Sports Illustrated’s Lee Jenkins is joining the Clippers’ front office as executive director of research and identity, the team confirmed Monday.
In his role, which the team called the first of its kind among NBA franchises, Jenkins will assist Lawrence Frank, president of basketball operations, and Michael Winger, the general manager, with the team’s amateur and professional scouting.
Jenkins wasn’t considering a career change until the Clippers proposed the idea in the spring.
“There will be a significant amount of research into potential players,” Jenkins told the Los Angeles Times. “I think it’ll be a lot of work that complements what they already do in terms of their scouting and evaluation, which is an area I’m pretty interested in and I’ve always thought journalist could help with.
“I don’t know a thing about evaluating talent. I could never do that in a million years. What I try to do is evaluate people. It’s not evaluating necessarily a person’s character. It’s evaluating what motivates them, how they are wired, what kind of things they respond to, what kind of things they value. That might be an area where I can possibly contribute to the people they already have.”

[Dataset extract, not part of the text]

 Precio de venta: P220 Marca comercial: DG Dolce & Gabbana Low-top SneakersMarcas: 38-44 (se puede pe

Jenkins grew up in Southern California and has earned acclaim for his writing on the NBA, which he has primarily covered since joining the magazine 11 years ago. Best known for his in-depth profiles of NBA personalities, Jenkins was called the league’s “preeminent storyteller” by Frank. He becomes the second Sports Illustrated basketball writer to join an NBA front office in the past year, following Luke Winn’s departure for the Toronto Raptors.
“Lee has spent his career profiling elite athletes, including most of the top players in the NBA,” Frank said in a news release. “Given Lee’s talent, knowledge, and credibility, we hope to blend his approach with our existing evaluation systems and highlight the personalities of our players.”

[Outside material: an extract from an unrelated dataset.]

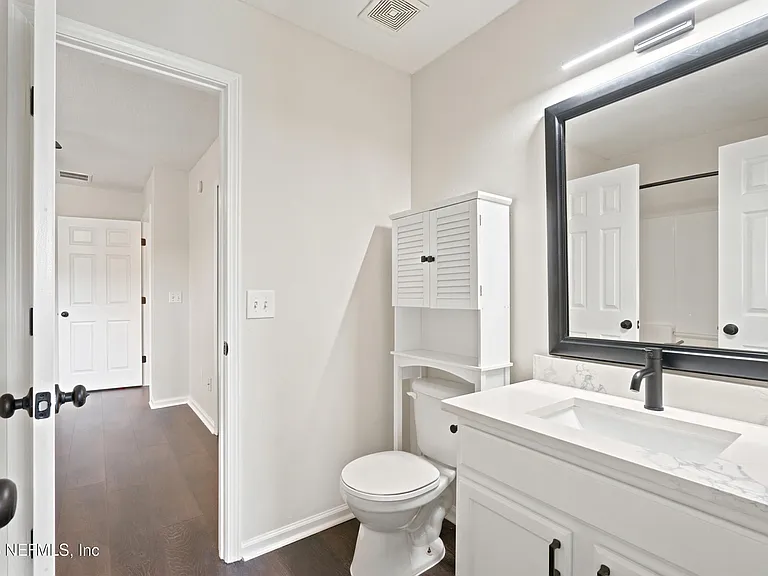 577 Scrub Jay Dr — Photo 24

The Clippers open training camp Monday in Hawaii.
The new role is not a writing job, Jenkins said. Yet he described his motivations for accepting it as only a writer would.
“I believe in the people they have, I believe in their vision,” he said. “I believe they have the capacity to really author a pretty great story of their own. … I know it’s kind of a crazy, weird thing. We’ll see if it works.”
Times staff writer Broderick Turner contributed to this report.